Contribution by Mark Passehl:
Rare indeed; 2 pieces in the Hersh/Sardinian mega-hoard, 1 in Riccia, and none in any of the other nine approximately contemporary hoards listed by C. A. Hersh (NC 1977, 25, Table II).
H. A. Grueber (BMCRR III, 8-9) marks it as present in only six of his 49 hoards; nos. 2 (Riccia), 8 (Oliva), 9 (Ricina), 15 (Mt. Codruzzo), 17 (S.Miniato al tedesco), 22 (Licodia).
The punning understanding of NoM replacing ROMA on the reverse tablet can be taken a step or two further; that L. Atilius designed his denarius shortly after the initial publication of the first edition of the Annales Maximi (c.142 B.C.) and decided to skate on some pretty thin ice by punning on the concealed true name of his city. Roma was the long established cover-name to protect the urbs from dire religious assault of the Italo-Latin evocatio ceremony, summoning a city's protecting deity to leave. But for the these prayers to work they needed to use the correct names of the targeted place and divinity. Accordingly divulging Roma's true name or that of the tutelary deity was punishable by death. Given the tiny size of the Atilius issue and the lack of accompanying bronzes his mint magistracy was probably cut very short by the Senate, whether by his death or sacking from office.
According to one version of the founding legends (such as addressed in works like the Annales Maximi) while Romulus was in the act of establishing "Roma" (the cover-name), his twin Remus was founding a settlement of his own which he called Mons Remonia. It was because of this piece of rivalry at the sacred moment that Remus had to be slain by the furious brother.
Significant elements converge here: Mons Remonia as the true name of the original foundation, and death to those who reveal it. Atilius' simple legend can thus be understood:
read normally (l. to r.) NOM(en urbis), the name of Roma (since ROMA is the displaced legend),
then reading retrograde (r. to l.) MONs reMONia (since REMus is the legendary name of its founder, perhaps REMOS in the archaic orthography of the pontifical records, but in any case the relationship of the names Remonia and Remus seems clear enough). But this was allusion rather than divulgence, so he was more probably sacked than punished capitally.
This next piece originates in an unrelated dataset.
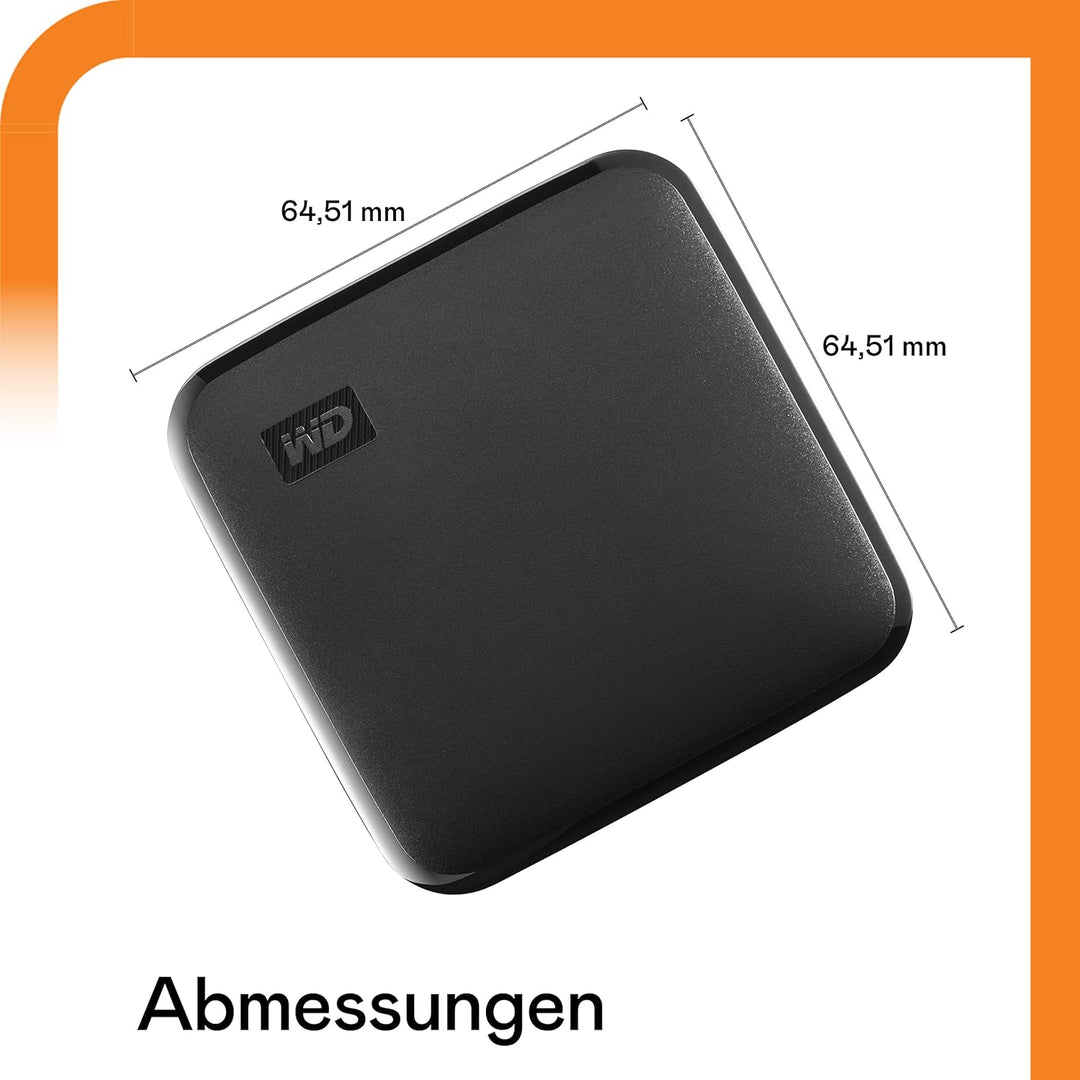 WD Elements™ SE SSD externe SSD 480 GB (USB 3.0-Schnittstelle, Plug-and-Play, 400 MB/s Lesegeschwind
And it's likely enough that his survival is on record as one of the senators of the epigraphically preserved consilium de agro Pergameno of 129 B.C., where modern supplement has created a probably non-existent L. A[fin]ius L. f. in the Oufentina tribe out of a miscut name with a short lacuna in the middle. Better restored as L. A[til]ius L. f. Ouf.